EXERCISE DATA:
-=-=-
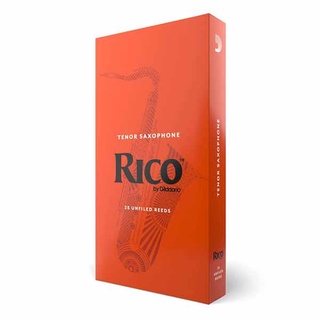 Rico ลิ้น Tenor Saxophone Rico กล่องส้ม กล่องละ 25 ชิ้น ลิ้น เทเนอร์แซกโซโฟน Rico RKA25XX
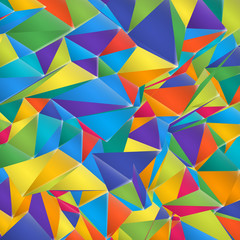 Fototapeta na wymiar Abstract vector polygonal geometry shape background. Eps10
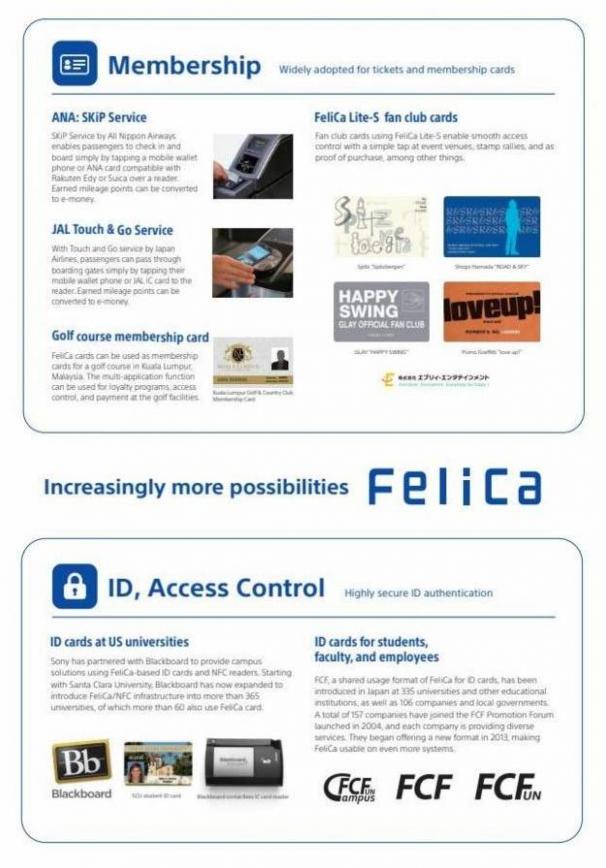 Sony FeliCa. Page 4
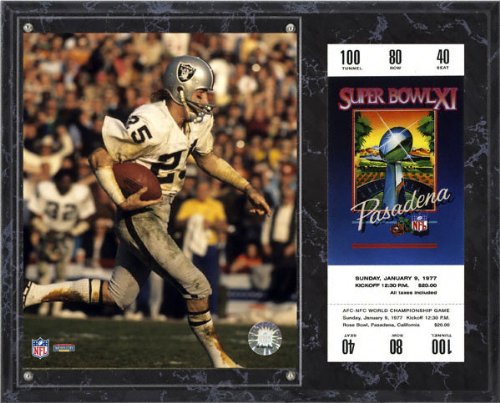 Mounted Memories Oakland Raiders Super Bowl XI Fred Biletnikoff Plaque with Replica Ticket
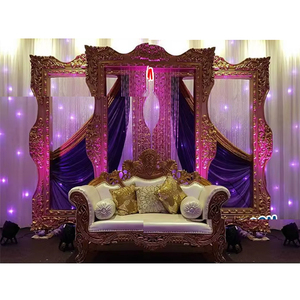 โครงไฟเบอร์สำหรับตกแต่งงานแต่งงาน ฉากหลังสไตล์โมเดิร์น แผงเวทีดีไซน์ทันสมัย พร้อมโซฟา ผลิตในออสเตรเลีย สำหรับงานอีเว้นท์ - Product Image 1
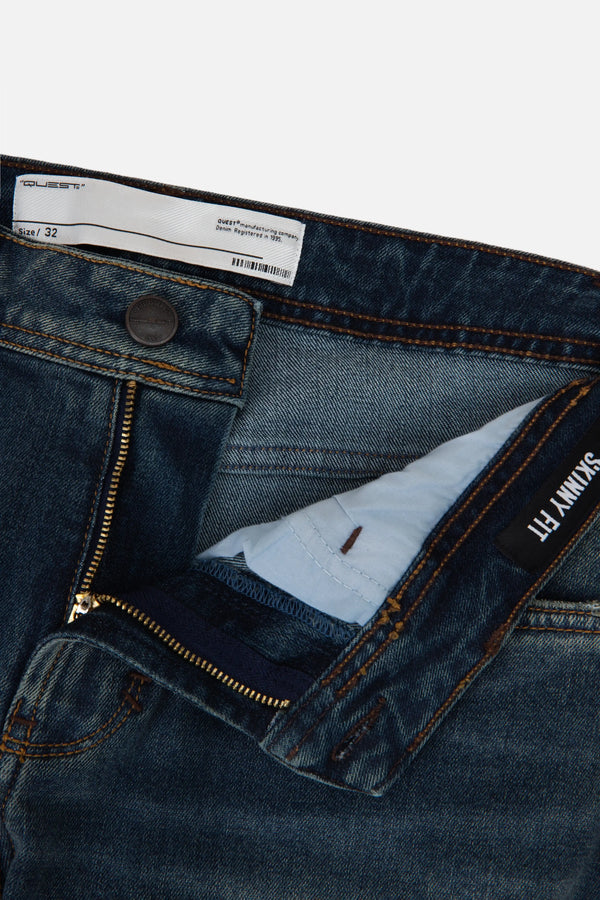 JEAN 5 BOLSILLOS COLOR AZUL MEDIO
-=-=-
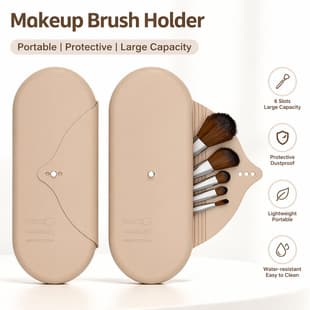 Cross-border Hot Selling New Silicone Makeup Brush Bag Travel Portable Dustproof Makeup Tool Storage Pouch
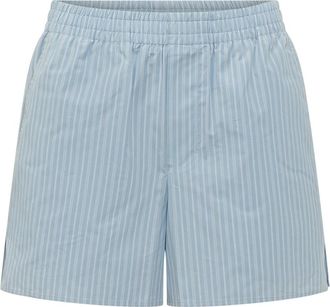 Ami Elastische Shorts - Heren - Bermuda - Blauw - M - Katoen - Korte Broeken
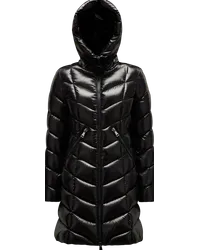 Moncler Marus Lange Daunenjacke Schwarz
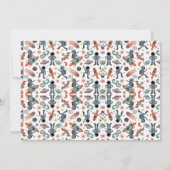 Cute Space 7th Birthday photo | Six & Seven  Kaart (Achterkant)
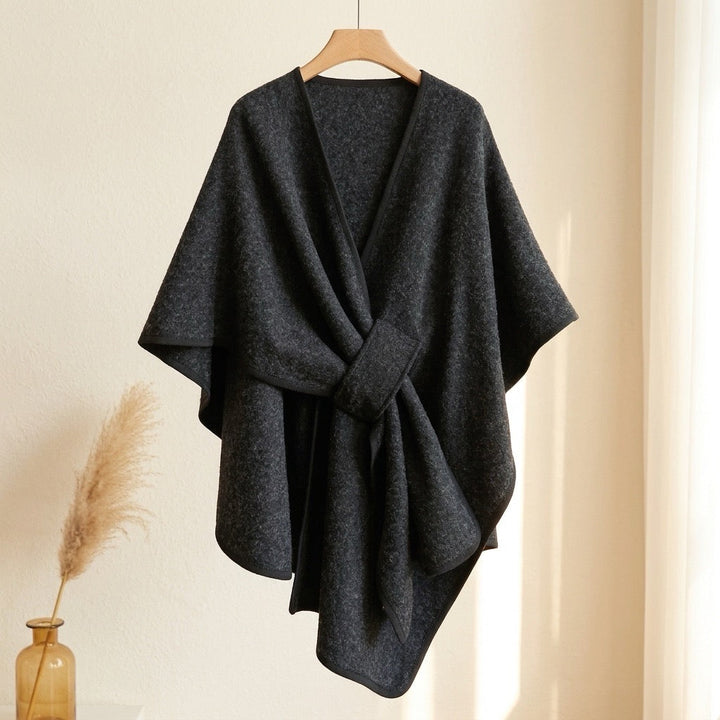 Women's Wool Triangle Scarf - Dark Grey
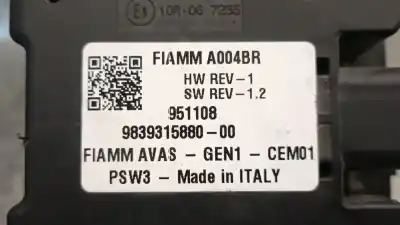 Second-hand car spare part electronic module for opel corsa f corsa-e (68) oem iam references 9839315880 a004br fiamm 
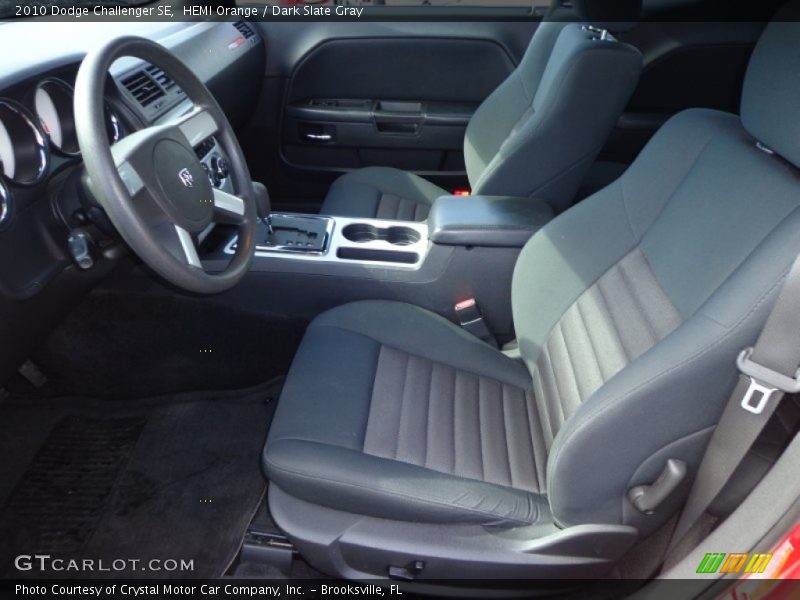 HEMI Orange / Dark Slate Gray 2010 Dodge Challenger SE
-=-=-
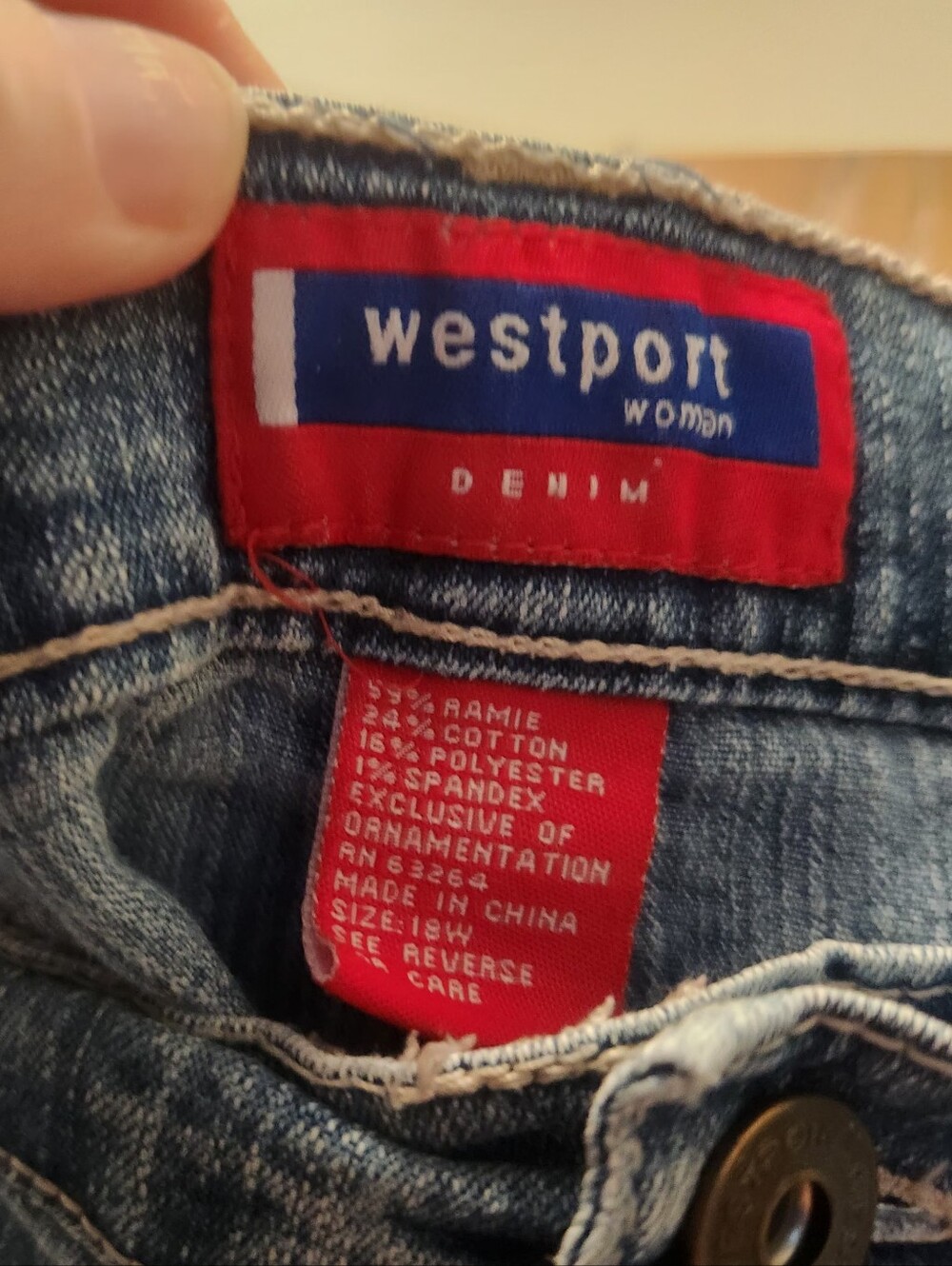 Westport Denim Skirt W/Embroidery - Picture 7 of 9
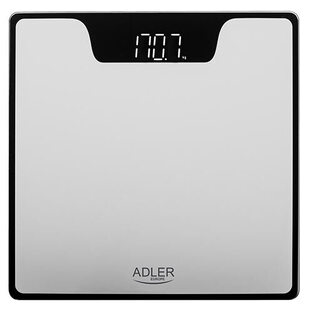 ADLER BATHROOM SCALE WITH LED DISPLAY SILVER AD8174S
-=-=-
ASSIGNMENT: Write down exactly what the lines above say, from the line holding "Women's Wool Triangle Scarf - Dark Grey" through the line holding "HEMI Orange /", and nothing more. Do not copy the pictures.

EXERCISE ANSWER:
 Women's Wool Triangle Scarf - Dark Grey
 Second-hand car spare part electronic module for opel corsa f corsa-e (68) oem iam references 9839315880 a004br fiamm 
 HEMI Orange / Dark Slate Gray 2010 Dodge Challenger SE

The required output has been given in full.